Introduction
Localization is the problem of determining and tracking the robot's
position, relative to a map of its environment.
Localization is a big topic for mobile robots.
- Several different kinds of problems share the name “localization.”
- In many cases, the details of the algorithm vary depending on what sensors the robot has.
Types of localization problems
Passive vs. Active- Passive localization: Interpret sensor data to determine the robot's state.
- Active localization: Choose actions designed to help determine the robot's state.
- Local localization (“pose maintenance”): Start with good information about the robot's state. Keep track of this knowledge as the robot moves around.
- Global localization: Start with no information about the robot's state. Try to eliminate this uncertainty.

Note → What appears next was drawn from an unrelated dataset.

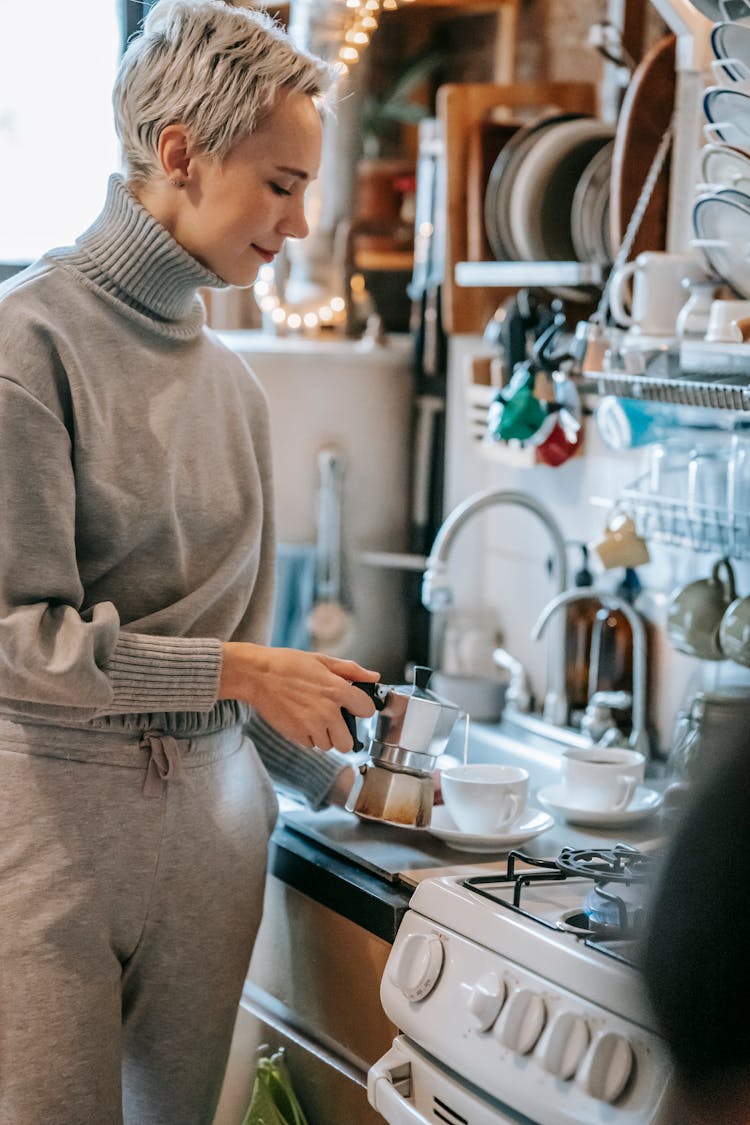 Woman Preparing Coffee In Kitchen At Home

Today: Active Global Localization
Suppose we have a robot in a polygonal environment, equipped with a range sensor and a compass. (...but without sensor noise.) State space: $\mathbb{R}^2$ (position only; no orientation)

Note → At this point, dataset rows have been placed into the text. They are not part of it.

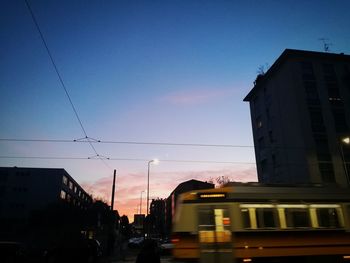 Silhouette of city against clear sky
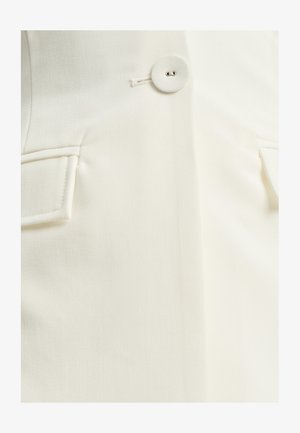 Tessuto color crema con due tasche cucite e chiusura con bottone. Texture liscia con una leggera lucentezza e design sartoriale.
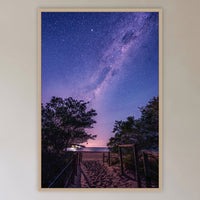 Main Beach Milky Way in an oak frame without a mat, in a cane-panelled hallway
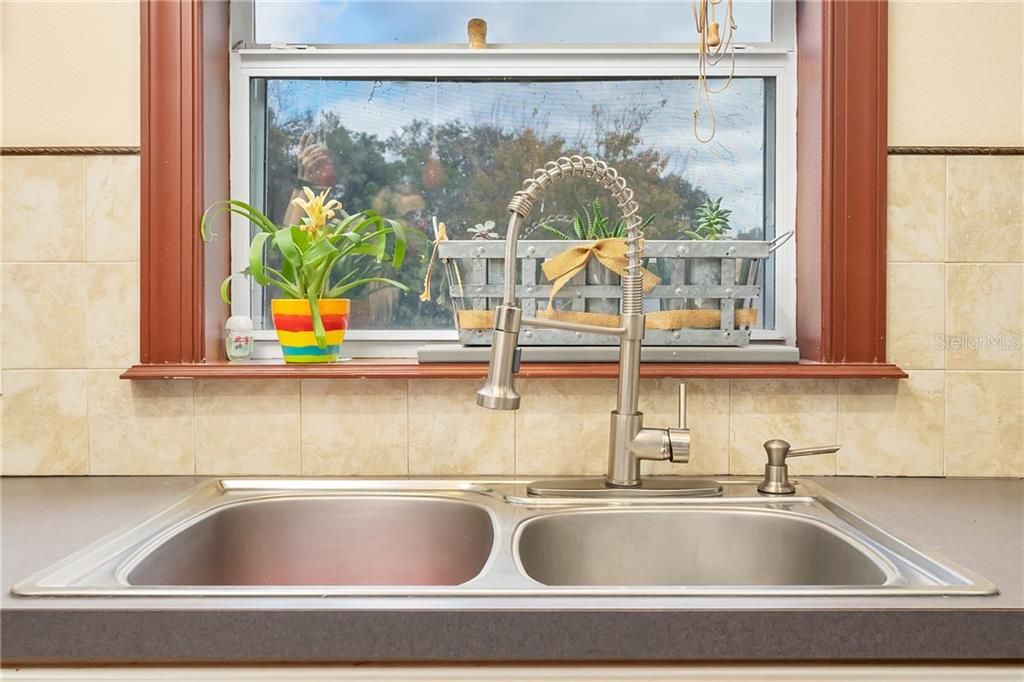 Love a sink looking out over the back yard.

Today, we'll talk about the
- active
- global
This is called Dudek-Romanik-Whitesides localization, after the
roboticists that first solved it.
Sensor information: Visibility polygon
We can think of the range sensor as providing the visibility polygon of the robot's state $x$ in its environment.
- The robot is located at the origin in this frame.

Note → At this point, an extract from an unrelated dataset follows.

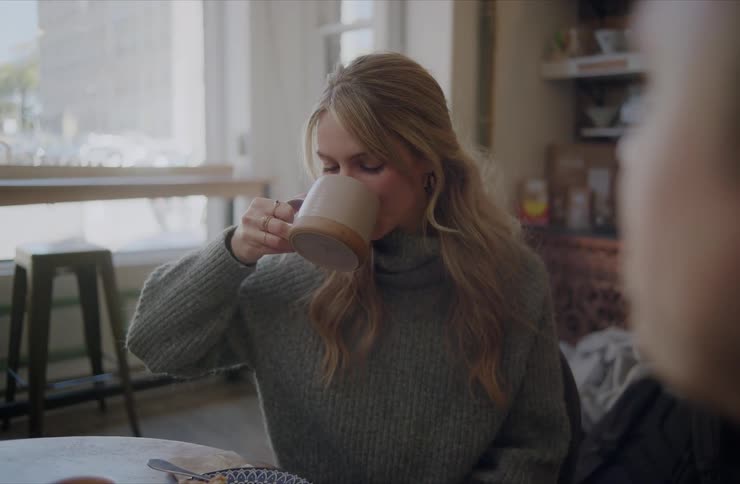A close view of a young woman with long blonde hair wearing a gray sweater as she sips from a coffee mug while sitting across from a person at a wooden table in a brightly lit cafe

- Visibility polygon vertices are expressed relative to the robot's position.
Possible states
Q: What can the robot conclude after its first sensor reading? A: The robot receives a visibility polygon. It knows it is at one of the positions that has this visibility polygon.
Hypothesis generation algorithm
Input:- Environment polygon. ($n$ vertices)
- Visibility polygon. ($m$ vertices)
- Set of states in this environment that have this visibility polygon.
- Can be much faster if we have multiple queries in the same environment polygon. (Space-time tradeoff.)
Hypothesis elimination
Now that we have a small number of candidates, how can we determine which candidate is the correct state? To solve this problem, we need a decision tree.- Internal nodes: Motion by the robot, followed by sensing the visibility polygon.
- Edges: A visibility polygon returned by the sensor. (How do we know the number of edges is finite?)
- Leaf nodes: A known final position for the robot.
Bad news
The hypothesis elimination problem is NP-hard if we want the shortest path that localizes the robot.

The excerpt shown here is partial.